▸ What the exercise asks
Reproduce verbatim the lines of the material below, starting at the line with "V-neck Outwear & Skirt Fringed 2Pcs" and ending at the line with "Bracelet Magnétique Chakra – Howlite Blanche", both inclusive; skip the rest.

============

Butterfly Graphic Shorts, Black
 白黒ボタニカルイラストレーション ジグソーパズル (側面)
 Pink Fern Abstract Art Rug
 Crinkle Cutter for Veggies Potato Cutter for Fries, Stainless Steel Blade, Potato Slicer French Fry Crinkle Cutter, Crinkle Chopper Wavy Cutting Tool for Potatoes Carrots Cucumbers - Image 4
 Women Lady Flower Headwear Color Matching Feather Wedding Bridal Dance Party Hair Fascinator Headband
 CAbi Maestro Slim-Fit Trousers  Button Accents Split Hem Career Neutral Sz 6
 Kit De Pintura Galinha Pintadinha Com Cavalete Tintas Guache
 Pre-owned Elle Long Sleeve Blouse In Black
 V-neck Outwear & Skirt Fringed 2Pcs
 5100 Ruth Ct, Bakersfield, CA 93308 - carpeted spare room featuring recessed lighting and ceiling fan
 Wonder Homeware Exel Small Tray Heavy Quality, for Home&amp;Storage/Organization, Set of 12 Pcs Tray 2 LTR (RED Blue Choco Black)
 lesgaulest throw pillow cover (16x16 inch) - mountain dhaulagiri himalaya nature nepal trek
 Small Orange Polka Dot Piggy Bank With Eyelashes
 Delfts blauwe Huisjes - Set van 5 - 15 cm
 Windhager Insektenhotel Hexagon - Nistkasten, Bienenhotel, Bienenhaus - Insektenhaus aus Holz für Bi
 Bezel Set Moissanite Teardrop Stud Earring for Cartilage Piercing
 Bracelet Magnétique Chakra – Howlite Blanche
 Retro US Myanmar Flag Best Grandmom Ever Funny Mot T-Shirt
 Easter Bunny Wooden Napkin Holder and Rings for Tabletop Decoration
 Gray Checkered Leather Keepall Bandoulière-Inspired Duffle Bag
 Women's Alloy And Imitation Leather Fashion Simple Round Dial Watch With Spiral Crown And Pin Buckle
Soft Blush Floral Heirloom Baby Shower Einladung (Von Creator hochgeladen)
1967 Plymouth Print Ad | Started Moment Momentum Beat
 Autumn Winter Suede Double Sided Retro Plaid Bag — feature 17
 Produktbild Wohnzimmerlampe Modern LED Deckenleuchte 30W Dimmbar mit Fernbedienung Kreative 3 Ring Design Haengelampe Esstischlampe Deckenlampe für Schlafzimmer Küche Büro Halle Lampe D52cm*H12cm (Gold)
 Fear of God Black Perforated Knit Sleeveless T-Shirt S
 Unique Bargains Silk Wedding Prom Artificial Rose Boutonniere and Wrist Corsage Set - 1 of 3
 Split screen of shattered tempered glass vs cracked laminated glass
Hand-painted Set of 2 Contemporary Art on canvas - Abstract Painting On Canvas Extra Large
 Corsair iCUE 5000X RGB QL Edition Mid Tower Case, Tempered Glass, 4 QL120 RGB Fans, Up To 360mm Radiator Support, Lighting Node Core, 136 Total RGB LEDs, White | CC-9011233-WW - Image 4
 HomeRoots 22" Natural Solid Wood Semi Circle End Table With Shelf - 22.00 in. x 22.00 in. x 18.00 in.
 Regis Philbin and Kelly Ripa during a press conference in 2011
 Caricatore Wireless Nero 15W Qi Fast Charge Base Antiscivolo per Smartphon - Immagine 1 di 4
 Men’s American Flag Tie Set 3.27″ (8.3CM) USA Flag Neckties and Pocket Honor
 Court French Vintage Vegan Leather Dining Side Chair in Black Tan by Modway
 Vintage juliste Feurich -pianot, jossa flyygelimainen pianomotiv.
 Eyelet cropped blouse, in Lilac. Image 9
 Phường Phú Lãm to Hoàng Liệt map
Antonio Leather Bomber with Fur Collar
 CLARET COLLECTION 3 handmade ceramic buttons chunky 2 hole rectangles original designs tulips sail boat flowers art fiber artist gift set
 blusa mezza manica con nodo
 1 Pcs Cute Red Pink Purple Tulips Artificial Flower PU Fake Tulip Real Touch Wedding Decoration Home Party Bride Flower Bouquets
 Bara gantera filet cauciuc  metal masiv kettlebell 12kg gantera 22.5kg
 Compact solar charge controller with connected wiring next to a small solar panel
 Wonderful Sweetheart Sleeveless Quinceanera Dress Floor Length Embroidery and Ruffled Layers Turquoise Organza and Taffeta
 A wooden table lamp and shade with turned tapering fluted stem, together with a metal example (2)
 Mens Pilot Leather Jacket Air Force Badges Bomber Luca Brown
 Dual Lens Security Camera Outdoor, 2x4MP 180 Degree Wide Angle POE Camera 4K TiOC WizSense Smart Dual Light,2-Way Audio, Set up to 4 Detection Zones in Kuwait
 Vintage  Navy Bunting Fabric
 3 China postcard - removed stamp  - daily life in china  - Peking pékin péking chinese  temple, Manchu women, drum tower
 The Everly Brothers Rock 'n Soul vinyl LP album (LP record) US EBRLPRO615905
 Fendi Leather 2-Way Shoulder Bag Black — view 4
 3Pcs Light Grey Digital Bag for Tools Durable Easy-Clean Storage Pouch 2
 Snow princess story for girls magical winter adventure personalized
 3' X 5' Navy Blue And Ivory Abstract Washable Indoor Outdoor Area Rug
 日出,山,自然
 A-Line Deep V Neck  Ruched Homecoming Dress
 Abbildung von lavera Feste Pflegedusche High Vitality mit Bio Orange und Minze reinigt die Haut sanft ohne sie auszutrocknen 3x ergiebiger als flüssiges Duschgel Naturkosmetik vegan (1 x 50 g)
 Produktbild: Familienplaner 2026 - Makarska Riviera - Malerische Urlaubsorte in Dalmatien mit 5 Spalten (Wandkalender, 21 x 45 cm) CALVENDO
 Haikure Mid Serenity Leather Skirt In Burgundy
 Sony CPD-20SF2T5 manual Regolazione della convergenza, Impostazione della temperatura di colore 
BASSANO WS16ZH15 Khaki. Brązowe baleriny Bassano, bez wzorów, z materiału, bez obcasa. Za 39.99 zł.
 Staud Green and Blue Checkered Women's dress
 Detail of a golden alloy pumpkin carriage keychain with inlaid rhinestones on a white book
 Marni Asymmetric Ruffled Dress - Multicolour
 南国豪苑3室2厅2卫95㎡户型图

============

▸ Written solution
 V-neck Outwear & Skirt Fringed 2Pcs
 5100 Ruth Ct, Bakersfield, CA 93308 - carpeted spare room featuring recessed lighting and ceiling fan
 Wonder Homeware Exel Small Tray Heavy Quality, for Home&amp;Storage/Organization, Set of 12 Pcs Tray 2 LTR (RED Blue Choco Black)
 lesgaulest throw pillow cover (16x16 inch) - mountain dhaulagiri himalaya nature nepal trek
 Small Orange Polka Dot Piggy Bank With Eyelashes
 Delfts blauwe Huisjes - Set van 5 - 15 cm
 Windhager Insektenhotel Hexagon - Nistkasten, Bienenhotel, Bienenhaus - Insektenhaus aus Holz für Bi
 Bezel Set Moissanite Teardrop Stud Earring for Cartilage Piercing
 Bracelet Magnétique Chakra – Howlite Blanche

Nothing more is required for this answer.